MONTREAL and LAVAL, Oct. 14, 2021 / CNW Telbec / – Hamza Loucif, doctoral student in virology and immunology, and Julien van Grevenynghe, professor at the National Institute for Scientific Research (INRS), have shown that by optimizing the energy metabolism of these key cells, people with HIV-1 can better defend themselves against the virus. Indeed, with a better metabolism, the role of these white blood cells in the protection against the virus, and therefore in the improvement of the response of the immune system, becomes more important.
A combined action
This metabolic optimization exploits the process of cell recycling, called “autophagy”. And it would have a double positive effect! Autophagy in CD4 cells provides amino acids, including glutamine, to fuel the mitochondria which serves as an energy powerhouse for cells. This energy is then used to secrete the protein interleukin-21 (IL-21) which plays a key role in the defense against HIV-1.

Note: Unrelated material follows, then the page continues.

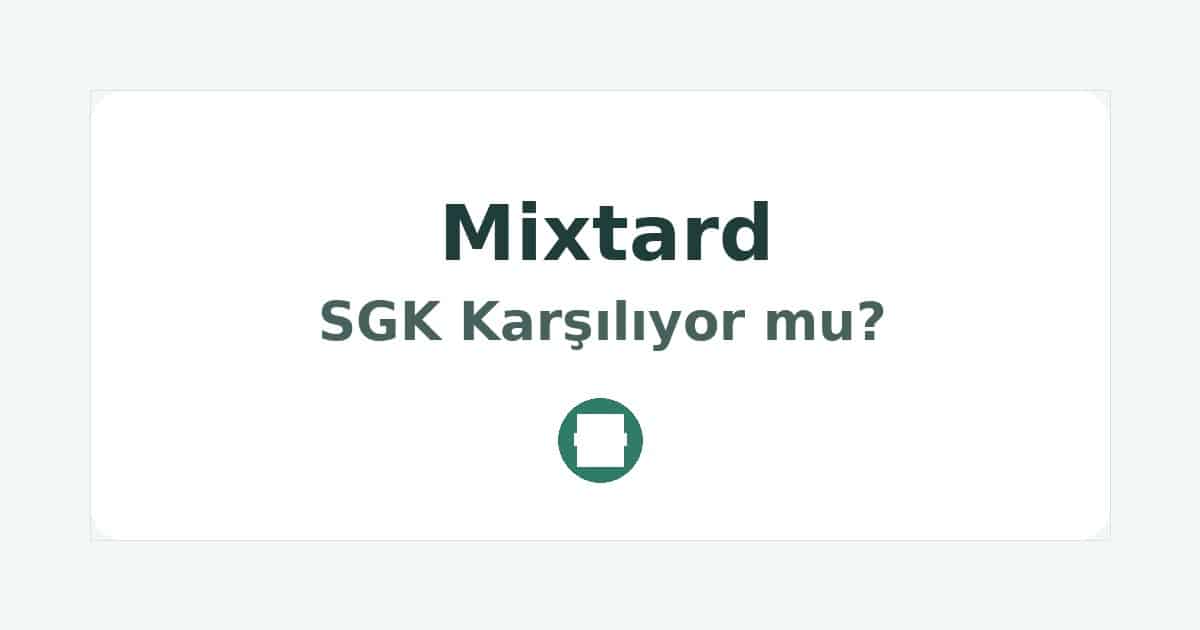 Mixtard SGK Karşılıyor mu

Researchers have shown in a previous study that IL-21 helps “re-educate” the immune system of patients with HIV. Indeed, the protein optimizes the energy supply of immune cell CD8 lymphocytes and, by the same token, their defense system.
A promising path
“It is important that a single treatment works positively on the entire immune system, not just on a subpopulation of cells. Since the latter help each other and communicate with each other, the beneficial effect of autophagy for different cell populations supports the importance of this pathway from a therapeutic point of view ”, underlines Professor van Grevenynghe.
“Our results corroborate and consolidate the therapeutic utility of autophagy against HIV-1 and, potentially, other viral infections. This molecular mechanism has the potential to orchestrate an effective antiviral response by providing various energetic substances to fuel the mitochondrial metabolism ”, reports Hamza Loucif.
The majority of people infected with HIV-1 require daily antiretroviral therapy, which does not fully restore their immune system to function. Acting on the metabolic pathway could potentially provide natural protection against the virus.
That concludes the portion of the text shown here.